The Thinline was in continuous production from 1969 until 1979 and has since seen several reissues. A new iteration—the 1969 Telecaster Thinline, limited globally to 30 pieces—was recently introduced by the Fender Custom Shop as part of the Team-Built line, in which each instrument is made by an ensemble of craftsmen, rather than by an individual luthier as in the Master-Built series. This Thinline boasts traditional styling, but it has more-modern electronics than the period reproductions found in the Custom Shop’s Time Machine guitars.
At a mere six pounds seven ounces, our review model was impressively light. It was antiqued in such a remarkably realistic way—from the delicate, spider-web-like checking in its three-tone sunburst nitrocellulose finish to the perfectly placed arm wear on the lower bout’s bass side—that it looked positively ancient.
With its medium-sized C shape, relatively flat radius of 9 1/2 inches (hospitable to low action and string bending), and Dunlop 6105 frets, the Thinline’s neck was extremely comfortable right out of the box. Chords and single-note lines alike felt effortless up and down the 21-fret fingerboard. I played the guitar unplugged at first. Given its superb resonance and sustain and lively snap, it was destined to be a total winner when amplified.
Still, I was unprepared for just how awesome the Thinline would sound plugged straight into the Normal channel of a mid-Sixties Fender Vibrolux Reverb. Standard Teles can be a bit strident and reedy, but the Thinline had both warmth and girth, thanks to its semihollow build and custom high-output pickups: a Twisted Tele in the neck position and a Hot Abby Nocaster at the bridge, made by Abigail Ybarra, the legendary Fender employee who has hand-assembled pickups at the company since 1956.
On all three pickup settings, single-note lines were warm and defined, with a bit of airiness not typically associated with a Tele. The neck pickup sounded thick but not muddy; the bridge, bright but not shrill; and both at once, honky but smooth. Everything from basic open chords to complex cluster voicings sounded vivid and balanced—and huge. Hearing the guitar from an adjacent room, someone asked what effect I was using.

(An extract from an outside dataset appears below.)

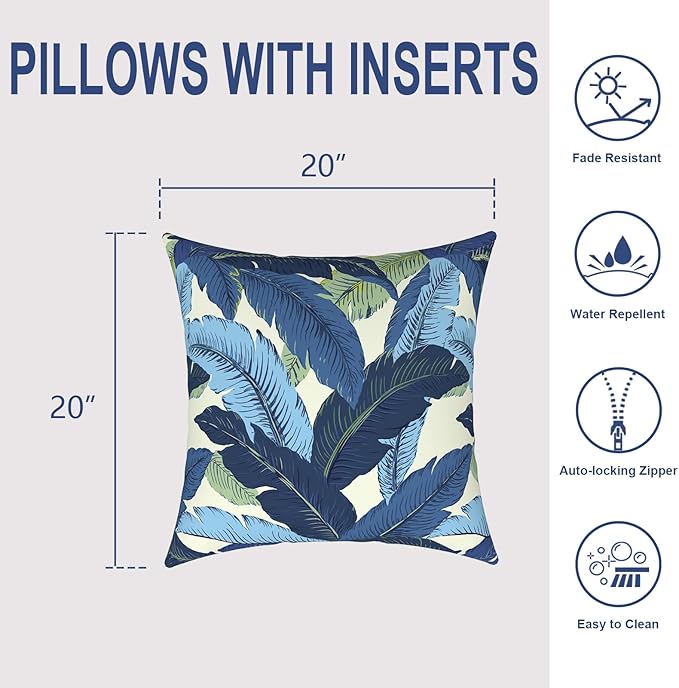 Outdoor Throw Pillows with Inners, All Weather Patio Pillows Set of 2, Square Pillows Decorative for Home Garden Furniture, 20x20 Inch, Swaying Palms Blue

When actually employed with an effect—an Ibanez Tube Screamer reissue on a high-gain setting—the Thinline roared. Single-note lines sounded massive, and chords were crushing, with the individual notes easily heard. In other words, the 1969 Thinline would be the perfect Tele for a rocker, but with its warmth and clarity, this remarkable guitar would sound exceptional in just about any context you would want to use it.
List Price: $4,500
Fender Musical Instruments Corporation fender.com
The Skinny on the Thinline
Fender Custom Shop director Mike Eldred delivers the inside information.
What was the inspiration for the 1969 Telecaster Thinline?
Our Time Machine Series features instruments with correct vintage features. But customers will often special-order these guitars with specs like bigger frets and flatter radiuses, so we went for a vintage-looking guitar with the modern features preferred by gigging players, myself included.
How do you go about constructing the chambered body?
The body is chambered from the rear and a thin sheet of ash is glued onto the back.
How is the reliquing created?
The details are proprietary, but basically we’ve got this soulful young guy named James Hoyt who does most of our relic work. He’s got all these guitar books and is always investigating vintage Fenders, taking photos and measurements of arm wear, belt buckle marks, and such, to make sure we get all the details in the right places.